1. Never give your customers unnecessary options. 2 different products require 2 different websites.

So your domain name is I’m wondering why you’re pitching two totally different locations from the same website? Getting inside the mind of your customer, do they ever really land on your website not knowing which part of France they want to stay in?

Paris and Nice are two entirely different places. Don’t try to persuade people which location to stay at. (That’s the job of the French tourism boards. You simply don’t have the money to do that). You need to sell the benefits of your individual property within a location that your customer is already set on visiting. And already searching for.

I can’t imagine any search scenario where people would be searching for Paris and Nice at the same time. And you only use the word France once on the homepage. By pitching two locations, you’re actually making it harder for the people who already know where they want to go, or at least thought they did before they landed on your site.

Action: These are two distinct properties, they need two separate websites. It’s fine to cross link them, but never confuse your customers with unnecessary decisions.


2. Automatically rotating image carousels drive people crazy.

You start to confuse your visitor immediately by showing them a series of apartment interiors, but they don’t know where those apartments are yet. Is that the Paris apartment interior or the Nice apartment? You’re asking them to fall in love with 2 different places, then you’re going to snatch one away from them.

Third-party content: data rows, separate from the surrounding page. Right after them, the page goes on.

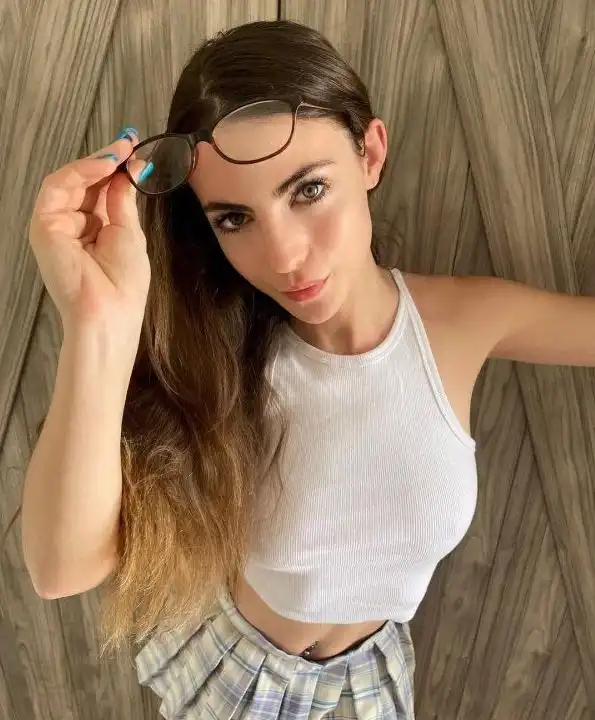 Красивых девушек подборка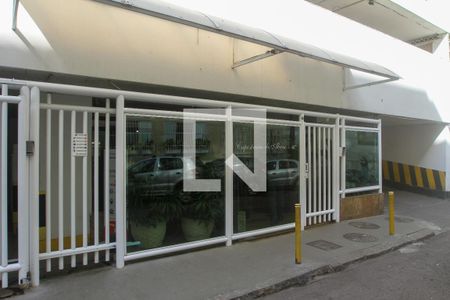 Apartamento à venda com 60m², 2 quartos e 1 vagaFachada e portaria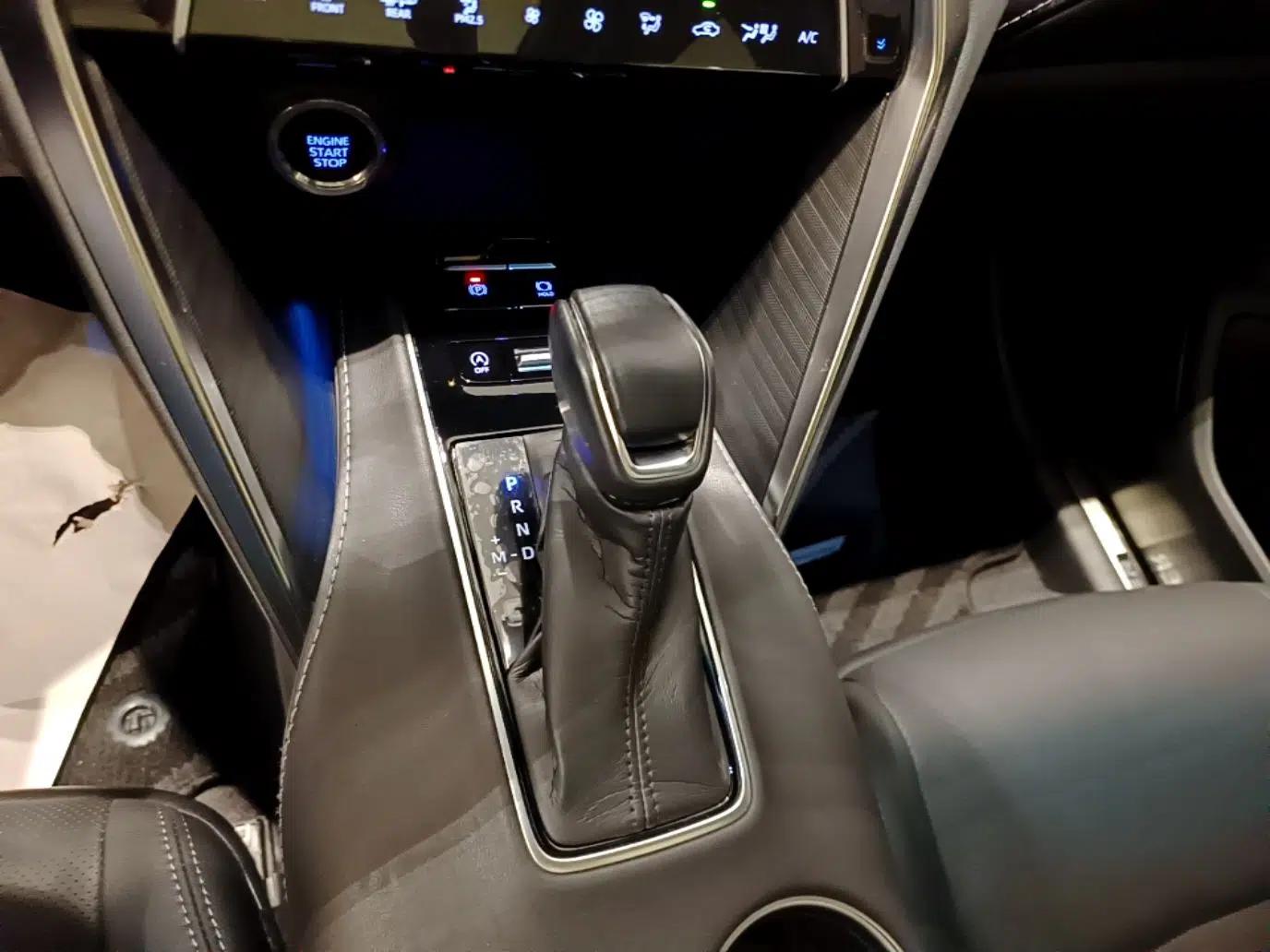 Toyota Harrier 2022 2.0L CVT Two-Wheel Drive Deluxe Edition — миниатюра 16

I’m also not a fan of rotating carousels that take away the control from the viewer. It’s like holding a brochure in front of my face and then turning the pages for me every 2 seconds. Study after study shows how our brain is adapting to completely tune out anything on a page that looks like an advertisement. The more we try to force things down people throats, especially flashing, rotating things, the more likely they are to scroll it off the screen or click away to regain control of their environment.

Action: Have images for one apartment only and use a carousel that clearly gives the user control of how and when they flip through the images.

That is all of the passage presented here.